My favorite thing about that McLeish quote that gets trotted out all the time is how its mania for defining poetry defines itself right out of the category. That is precisely the meaning of the quote: poets have to write their pieces "out of the category" of conventional verse and create new ways of writing and reading poems instead. It's about ways of seeing the world and recording the experience in a manner that would revolutionize perception. Bob Perelman addressed this whole notion of experimental geniuses who sought to revolutionize the way readers came to experience the world in his book The Trouble With Genius; sussing through the writing and aims of Joyce, Gertrude Stein, Louis Zukofsky, and others, Perelman caught the usually undiscussed detail that these experimentalists,
preparing the literate world to reshape their thinking about writing sequence, had in fact isolated themselves with their own genius from the public they wanted to influence. The bold originality of their work had made them geniuses, but of a different sort than one regards DaVinci, Einstein, or even a Henry Ford. Perelman's modernists were writers and aesthetes and were geniuses of poetic form, not practical application. It might be said that there was advancement in the sort of difficulty poetry and prose could encompass. Still, these were problems of interest to already marginalized audiences, other aesthetes, poets, and academics. The modernist project was a failure for reconfiguring the world through a radical expansion of the senses. But as literature, this generation produced their masterpieces, problematic though they were for a wider audience. This is the great conceit of the experimental artist, a project doomed to failure so far as the universal revolution is concerned, but what remains in the resistance to old categories are, nonetheless, new ideas of what poets ought to be doing for their own time.

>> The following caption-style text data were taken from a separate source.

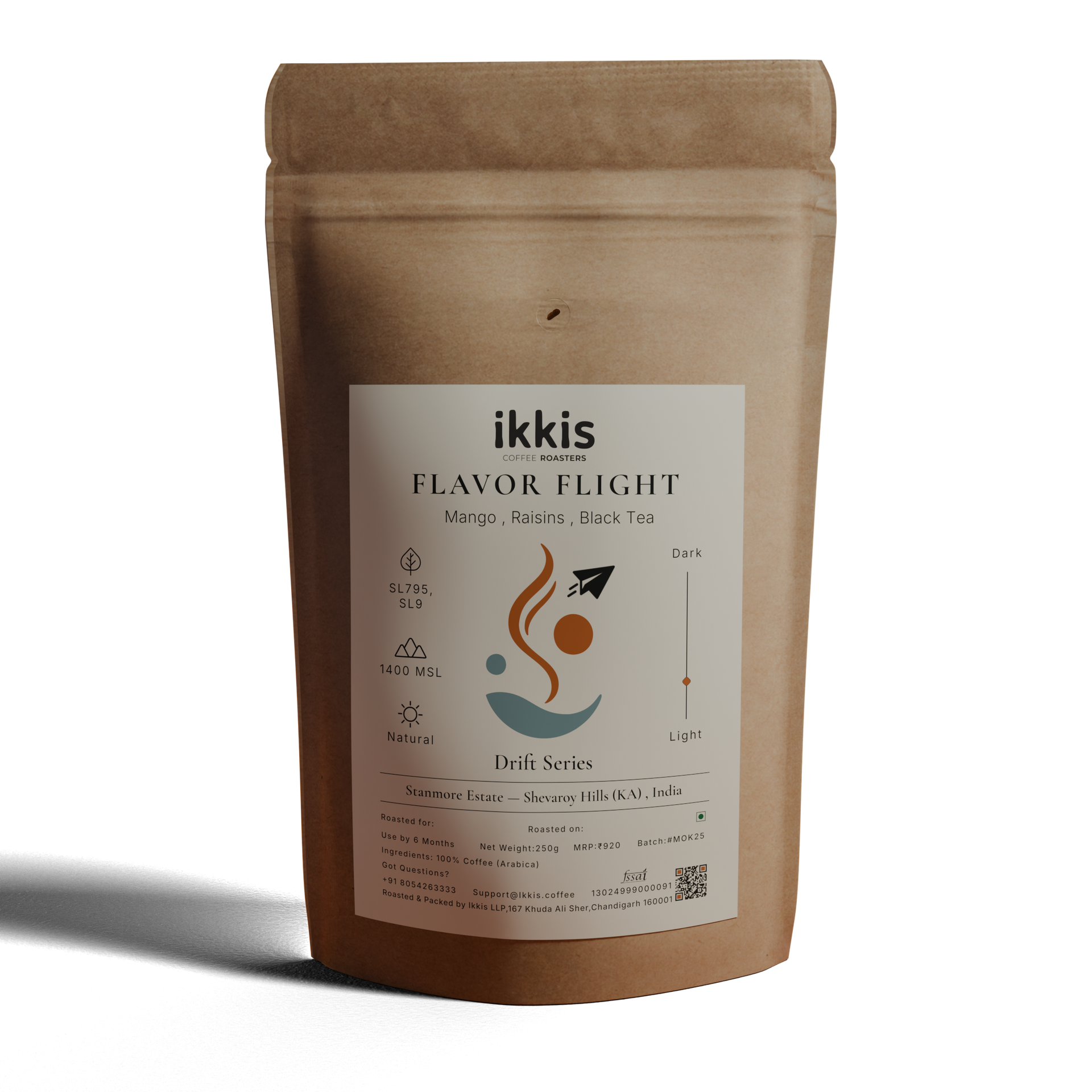 FLAVOR FLIGHT - Image 1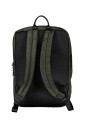 sac-a-dos-homme-en-polyester-vert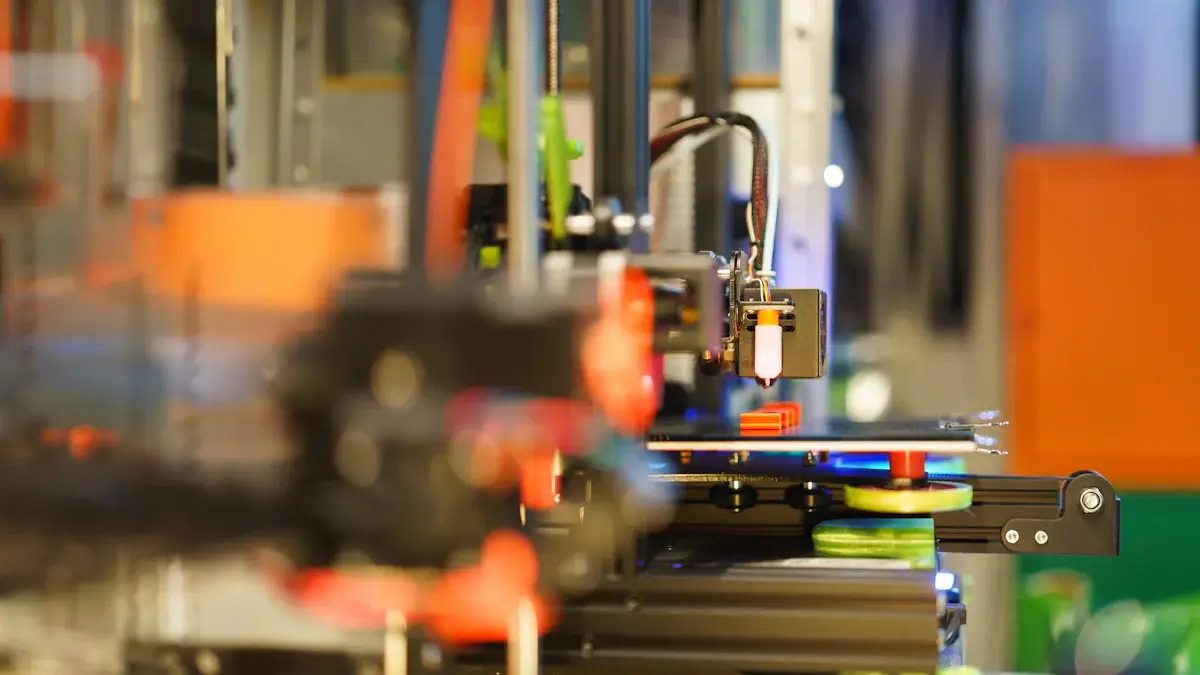 Top 3 Custom Injection Molding Trends to Watch in 2025 - GHXLD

Modernism's experiments with Imagism and Vorticism and a host of other revolutionary projects might not have reconfigured our audio and visual senses. However, they have given us some newer ideas about image, theory, rhythm, scope, and subject. Much of what we take for granted as the given of modern, conventional verse wouldn't be possible sans these seemingly indecipherable experiments, which isn't to say that poetry not have changed with the times. Without our savant grades and experimentalists, though, it would be substantially different. Well, let's look at the poem itself. The spirit is the same for Mac Leish as Cage and MacLow. That poetic language needs to find new ways to address the world we experience. Mac Leish wants words to have a particular "thingness" that can get the substance of the objects it strives to be about; that the thing -in and of itself is its own adequate symbol. MacLow and Cage were more interested in the lost arrangements of the hidden world, the sounds and objects one finds in those odd moments where the mind fixes on seemingly ephemeral details of daily endurance. In either case, there is a search for a more accurate way of getting perception across to a reader. What separate them are strategies, not sympathies.